WHAT THIS TASK INVOLVES >> Print what the records say exactly, and omit the pictures.

(Source records)
^^^^

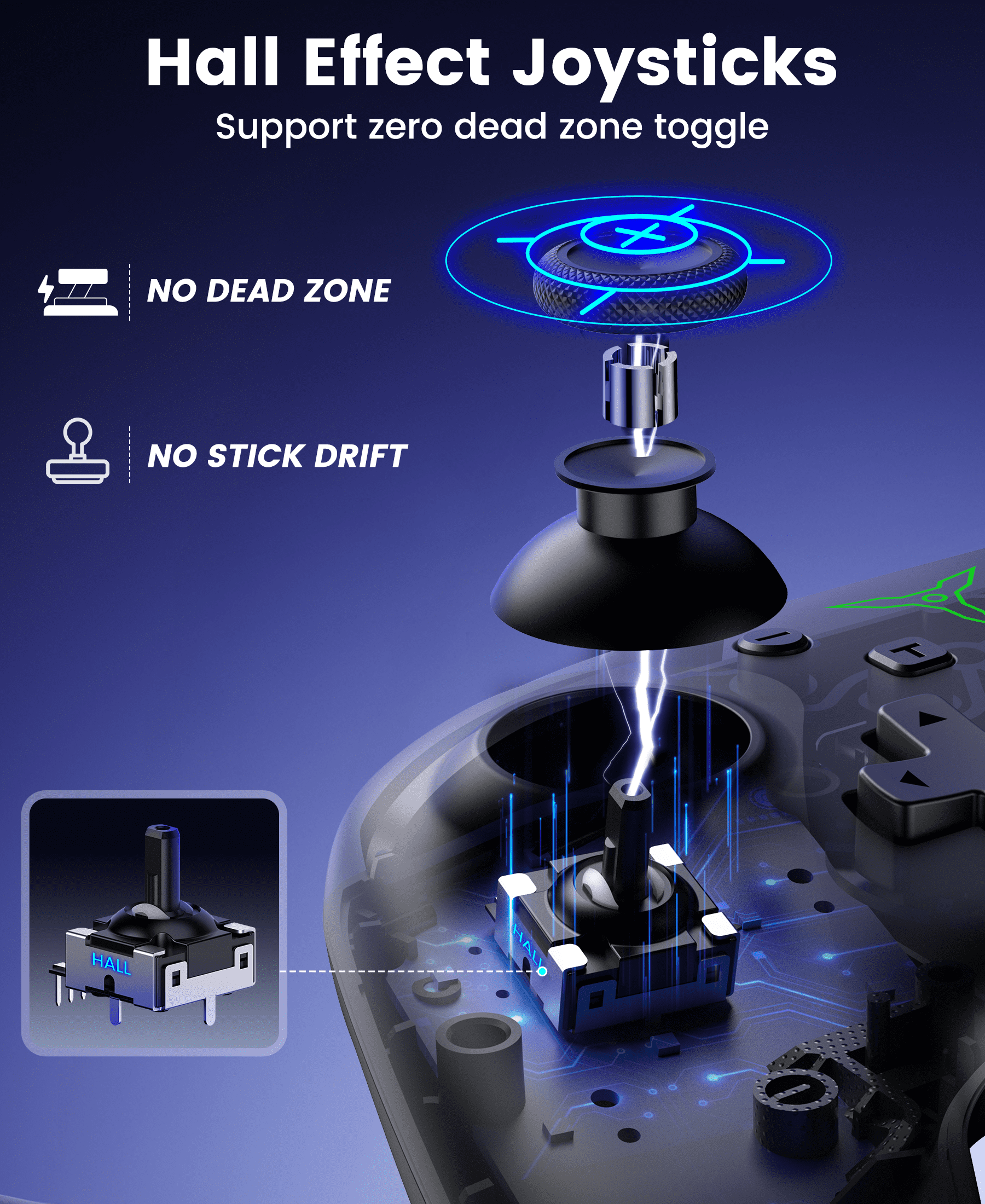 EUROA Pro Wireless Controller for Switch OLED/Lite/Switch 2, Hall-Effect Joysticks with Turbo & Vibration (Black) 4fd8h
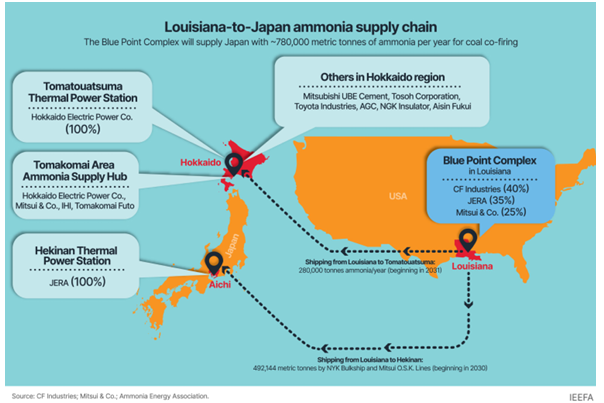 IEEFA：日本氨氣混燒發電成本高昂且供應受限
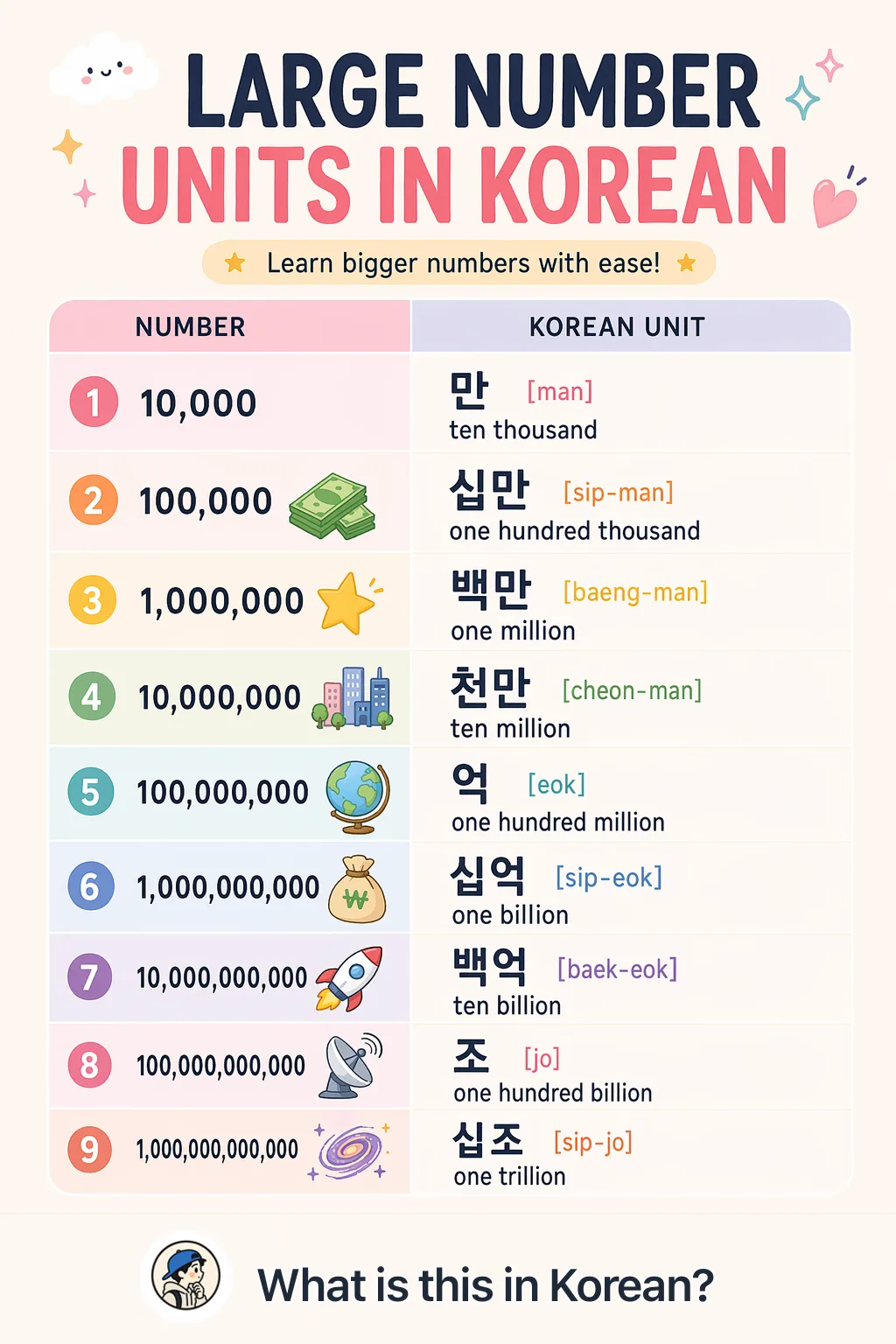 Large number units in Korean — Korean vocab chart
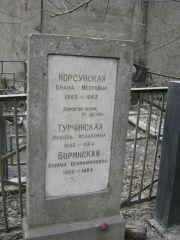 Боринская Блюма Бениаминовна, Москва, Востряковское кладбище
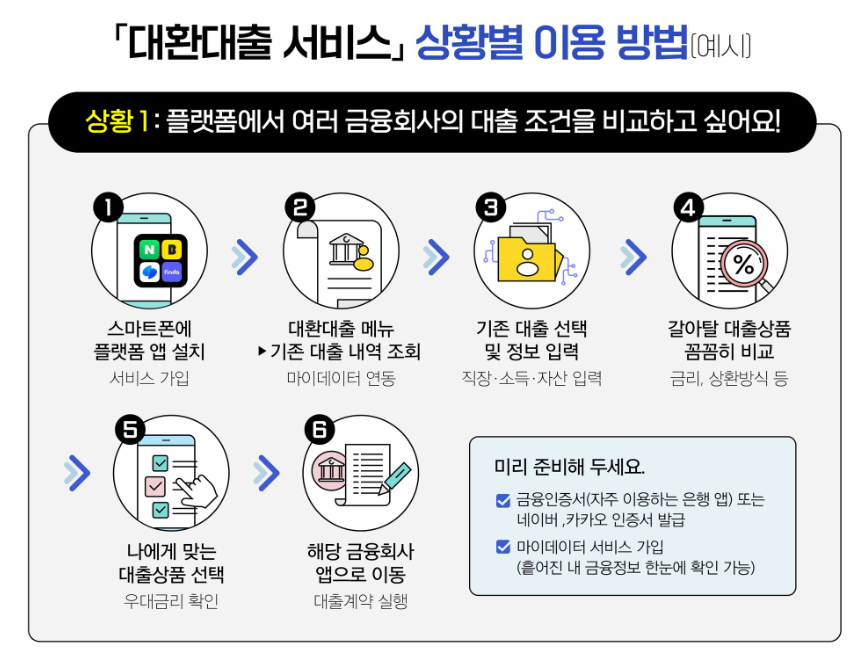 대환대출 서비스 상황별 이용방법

^^^^

ANSWER SECTION >>
 EUROA Pro Wireless Controller for Switch OLED/Lite/Switch 2, Hall-Effect Joysticks with Turbo & Vibration (Black) 4fd8h
 IEEFA：日本氨氣混燒發電成本高昂且供應受限
 Large number units in Korean — Korean vocab chart
 Боринская Блюма Бениаминовна, Москва, Востряковское кладбище
 대환대출 서비스 상황별 이용방법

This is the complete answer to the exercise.